Autor: Incrédulo
En aquel lejano pueblito del norte de México, en la humilde parroquia ejercía su apostolado el padre don Roque, gentil y bondadoso sacerdote católico. Tenía mucho trabajo, ya que, aunque el pueblo era chico, había muchas rancherías alrededor.
Por fin el obispo designó para ayudarlo a un joven presbítero recién graduado del seminario, algo montaraz y simple.
El curita recién ordenado veía a don Roque con veneración y quería seguir su ejemplo. Por lo que le pidió que lo oyera confesar y le diera su opinión acerca de la forma en que impartía el sacramento de la reconciliación.
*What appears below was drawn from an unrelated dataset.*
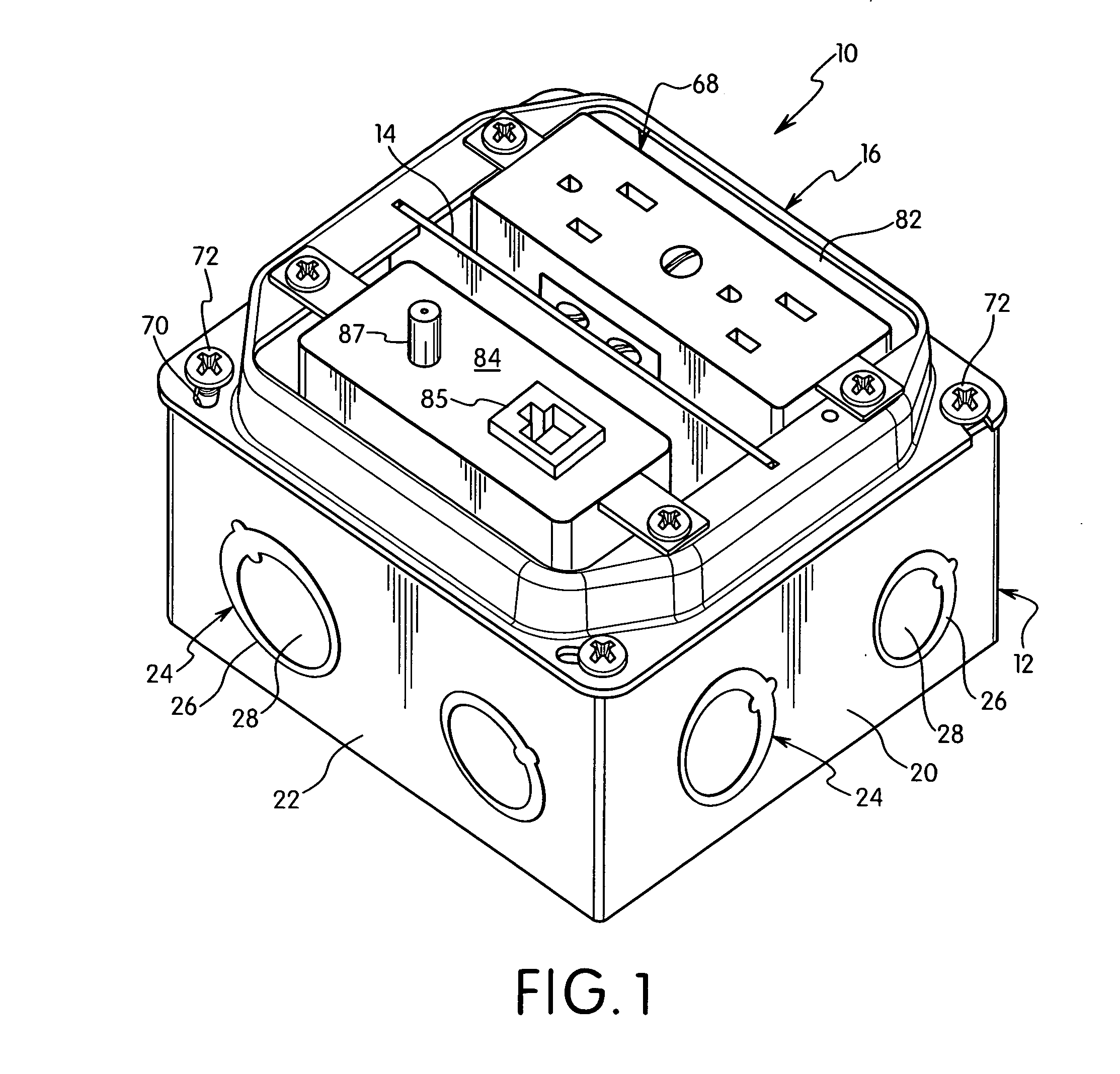 Electrical box with multi-directional partition plate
El padre oyó al neófito y le dijo:
—No lo haces tan mal, hijo, pero te sugiero que cuando alguien te confiese un pecado grave exclames: “¡Virgen Santísima de Guadalupe!”, “¡Santo cielo!” o “¡Jesús, María y José!”, y no: “!Uta!”, “!En la madre¡” y “¡Ah Cabrón!”. Además, don Fulgencio, el más rico ganadero de la región y benefactor de la iglesia, vino a quejarse: que le habías dicho que “era un cabrón ratero y que tenía que cambiar”. Y doña Hortensia, la presidenta de la Asociación Pía y que pertenece a la Sociedad de Hijas de María. Claro, ha tenido muchos devaneos con los mozos del campo, pero, no soltarle sin más “eres una pinche puta”.